Si è al tempo stesso spettatori più o meno distaccati e, mediante il meccanismo dell’identificazione, protagonisti di disavventure. Certi intrecci dell’esistenza reale, come ci insegna Pirandello, spesso sono più inverosimili di quelli partoriti da una fervida fantasia. Così la vita si spinge oltre il grigiore quotidiano, anche se il movimento è azzardo, fuga verso l’ignoto, corsa sul margine dell’abisso.
Come nei romanzi, anche nella novellistica televisiva è fondamentale il ruolo della voce narrante: nella puntata del 15 gennaio 2014, Dean Buletti ci conduce nel plot di Giancarlo Dessena, un giovane sardo scomparso qualche mese addietro. E' prima dipinto il ritratto del giovane. L’ineffabile giornalista indugia su alcuni aspetti psicologici: è un ragazzo eccentrico, solitario, amante della natura. Si insiste proprio sul suo amore per la natura, come se fosse una nota bizzarra… Non basta: Buletti, ad un certo punto, insinua che Giancarlo Dessena è un visionario, poiché si interessa al problema delle “scie chimiche” che, invece, sono “scie di condensazione” (sic). La RAI, come le altre reti di regime, ribadisce la sua posizione negazionista, la sua funzione di strumento atto ad annebbiare le menti.
In quale contesto si inquadra il depistaggio in esame? Nell’ambito di una trasmissione, per certi versi utile, ma nata sotto il segno dell’ambiguità: l’insistenza sul problema delle missing persons non sarà un espediente? Non dovrà prima o poi convincere i cittadini a lasciarsi inserire un microchip sottocutaneo? Sappiamo che la feccia che pilota i media non ha alcuna premura: agisce per gradi, con sadica lentezza. L’itinerario è sempre il medesimo: problema: sparizione di adolescenti, anziani, donne sole etc.; reazione: bisogna trovare un rimedio, un modo per evitare tutte queste scomparse; risoluzione: microprocessore sottopelle.
Tra l’altro ben sappiamo chi sono gli autori di molte “eclissi”: gli stessi che poi fingono di prodigarsi per ritrovare coloro che si sono dileguati. E’ come nel caso degli omicidi rituali, su cui la redazione di “Chi l’ha visto?’” indaga con zelante sprovvedutezza, con acuta cecità. Gli assassini sono là dove nessuno pensa di cercarli.
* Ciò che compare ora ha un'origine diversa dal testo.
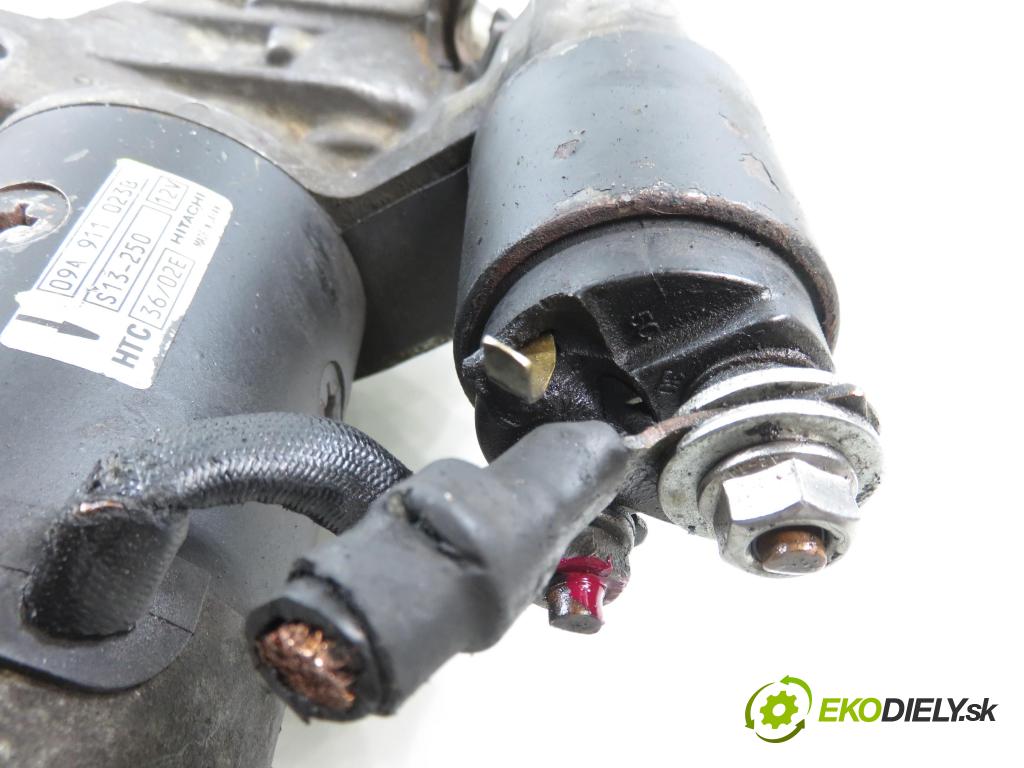 SEAT ALHAMBRA (7V8, 7V9) MINIVAN 2004 85,00 1.9 TDI PD 115 - AUY 1896,00 Štartér 09A911023B (Štartér)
Stride comunque con l’ostentato “coraggio” di talune inchieste, la pusillanimità con cui codesti segugi senza olfatto si rifiutano di seguire le orme che conducono a casi scottanti: l’inchiesta su Davide Cervia si è mummificata, non appena si è sfiorato, su nostra segnalazione telefonica, il “Progetto R.F.M.P.”; di Franco Caddeo, come denunciato da Gianni Lannes, gli investigatori della polpetta non hanno mai voluto occuparsi.
Insomma, la spettacolarizzazione del dolore va bene, ben venga pure qualche reportage che dimostri quanto sono intrepidi i nostri eroi catodici. Moralismo e buoni sentimenti si sprecano. Oltre non si va, semmai si disinforma sulla geoingegneria clandestina in stile “Superkatz” o “Clistero” con i predicozzi di Adam Katzmon...
Questo è il disservizio, pardon, servizio pubblico ed il canone va pagato! Dobbiamo regalare una mise da Superwoman alla Scia-relli.